En fait, après l’exception sur l’irrecevabilité de la constitution de partie civile de l’Etat du Sénégal et de l’Agence judiciaire de l’Etat, la défense a introduit cette requête.

Ainsi, Me Doudou Ndoye a convoqué l’arrêt rendu par cette 2e chambre correctionnelle à propos de la décision de la Cour de justice de la Cedeao. Il a regretté le fait que le juge ait dit que cette cour communautaire n’a pas à concurrencer ‘’nos juridictions internationales’’. ‘’Si tel est le cas, comment une juridiction peut-elle apprécier les requêtes qui lui sont soumises ? La Cour de la Cedeao a interprété l’application qui a été faite au Sénégal sur l’article 5 du règlement 5 de l’Uemoa. De même, le Code de procédure pénale (Cpp) du Sénégal, en son article 5, contient une disposition de protection de toute personne interpellée’’, a-t-il notifié.
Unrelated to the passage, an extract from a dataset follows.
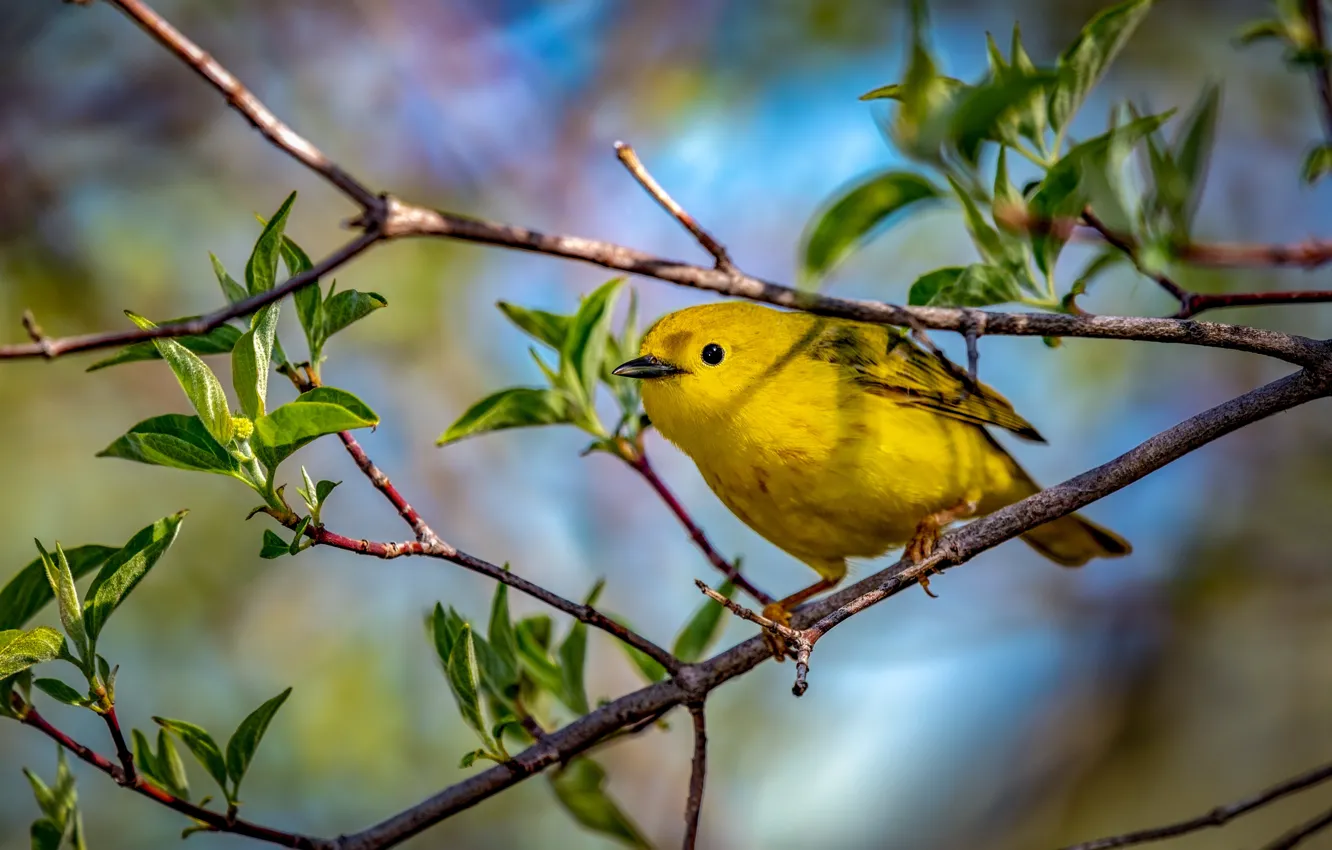 Photo wallpaper light, trees, branches, yellow, bird, spring, bokeh, a woodland songster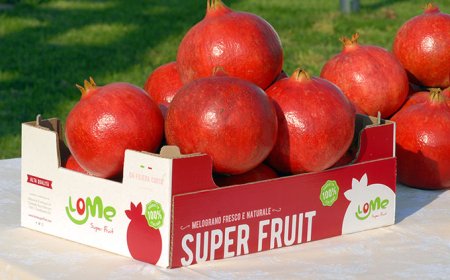 Masseria Fruttirossi: un convegno sulle proprietà benefiche della melagrana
Selon lui, c’est à partir d’une fausse interprétation que la police judiciaire a violé les droits des personnes concernées. Alors que la note circulaire du Garde des Sceaux, ministre de la Justice, a été claire. Car, a-t-il retenu, le document a fait état que la personne interpellée doit être informée de son droit d’être assisté par un conseil. Et à chaque fois que ce texte est violé, ‘’la procédure est nulle’’. ‘’La Cour de la Cedeao n’a pas manqué de rappeler d’appliquer son arrêt, car elle a estimé que notre police a violé tous les droits de toutes ces personnes. Qu’on ne vienne pas nous dire que la date de la circulaire est postérieure’’, soutient-il.

Me Doudou Ndoye d’indiquer avoir écrit une lettre à la chambre d’accusation pour faire remarquer que le parquet n’a pas visé ces faits dans son réquisitoire et qu’il devait tout annuler. De plus, il a avancé que le Pv d’enquête préliminaire et le réquisitoire introductif ne permettaient pas au juge d’instruction de continuer son travail. Pour lui, la culpabilité de la police judiciaire et du parquet qui a envoyé des gens en prison est établie. ‘’C’est pour cela que je suis venu plaider, juger et condamner’’, a-t-il martelé. Toute en laissant entendre que ‘’la vraie justice est la forme du droit. C’est le fond qui est relatif. La procédure est le droit. C’est la protection absolue de tout le monde. Je ne pense pas qu’on sera dans le fond du dossier, parce qu’on sera mal à l’aise. Ce que je ne souhaite pas’’.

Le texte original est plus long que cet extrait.